Cluster headaches are fairly rare and affect about 0.1% of the UK population which doesn’t sound much unless you that 1 in every 1000. These types of headaches tend to effect men more than women, however, research is showing the difference is narrowing. This type of headache are mostly experienced in our 30’s and 40’s.

They are called Cluster headaches due to the frequency they occur. They appear in clusters over a few weeks or even months at a time. Often described as a drilling sensation which causes extreme pain usually on one side of the head and around the eye region. Cluster headaches can last up to a period of 2 hours at a time. They can disappear completely for months or even years, but can come back without any warning.

So WHAT causes it?

It’s not fully understood what exactly causes cluster headaches, especially as they are not triggered by the same things that trigger migraines. However, it is thought to come from neurological abnormalities with the trigeminal nerve (a nerve on the side of your face in front of the ear) and the Hypothalamus (region in the brain with many functions including linking the nervous system to the endocrine system (hormones) and controls our biological clock). As a result, people who do not get the right amount of sleep can be more likely to suffer these types of headaches as well as suffering from them during season changes.
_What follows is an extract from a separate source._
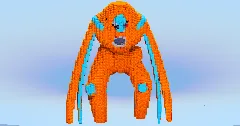 Deoxys Defense — Minecraft Build by LeonisBuilds (2)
  • Begin quickly with no warning
  • Normally lasting 15 – 90 minutes but sometimes can last up to 3 hours
  • One headache a day, but some can experience up to three a day
  • One-sided, same side around the eye, the temple and sometimes into the face
  • Burning or piercing type pain
  • Throbbing or constant
  • Scalp can feel tender
  • Drooping and/or swelling of the eyelid, tearing watery eye on the same side as the headache
  • Blocked or runny nose
  • Agitation, pacing due to pain.


The website advises “that you should see your GP as soon as possible the first time you experience what you think may be a cluster headache”. Your diagnosis will be made based on your symptoms and how you respond to different treatments. You may be
referred to a neurologist who will clarify your diagnosis and prescribe appropriate
medication and to rule out any other conditions.
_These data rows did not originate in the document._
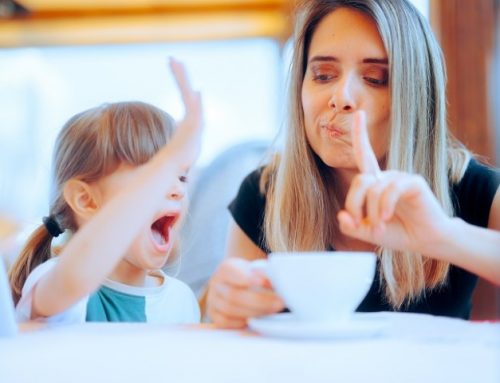 Les limites de mon enfant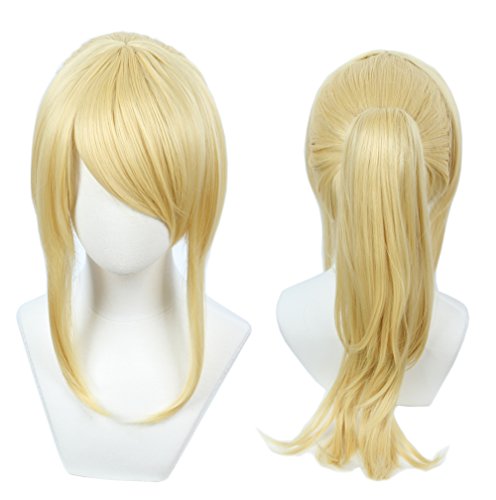 Blonde Cosplay Wig 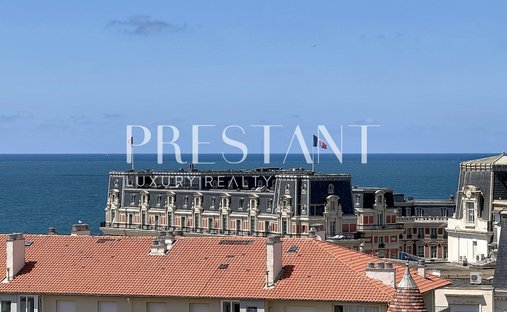 Apartment in Halles-Hurlague, Biarritz, France 1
Living with cluster headaches

Living with cluster headaches can be difficult. The attacks can be unbearable and make you feel anxious and depressed and may affect your relationships, your work and quality of your life.
There are some possible triggers to be aware of and may possibly avoid if you can. These include:

  • Smoking
  • Weather changes
  • Strong smells
    Bright or flashing lights
  • Hot showers

Cluster headaches can begin when there are changes in your normal sleep routine, so try to stick to a routine. The hormone Melatonin has shown some effectiveness in treating night time attacks.
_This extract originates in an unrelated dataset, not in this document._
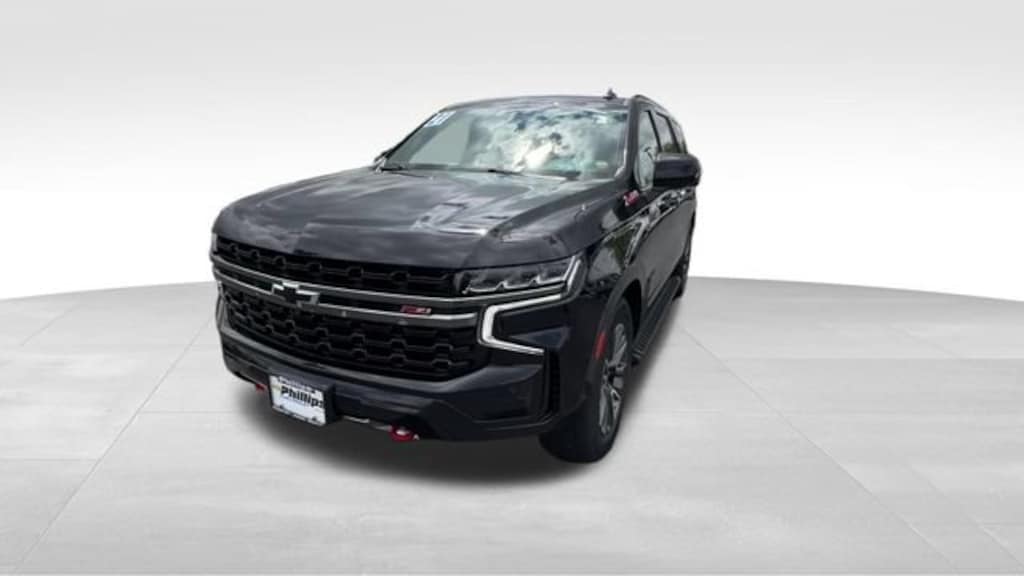 Used 2021 Chevrolet Tahoe Z71 SUV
Although having regular massage may not relieve or change the pattern or intensity of your cluster headache, the stress and anxiety you may experience during an episode can be severe. Massage may help you relax and relieve some stress allowing you to better cope during this time.

All information contained in this post is for general guidance and information only. It should not be relied as a basis for planning medical care or as a substitute for specialist medical advice in each individual case.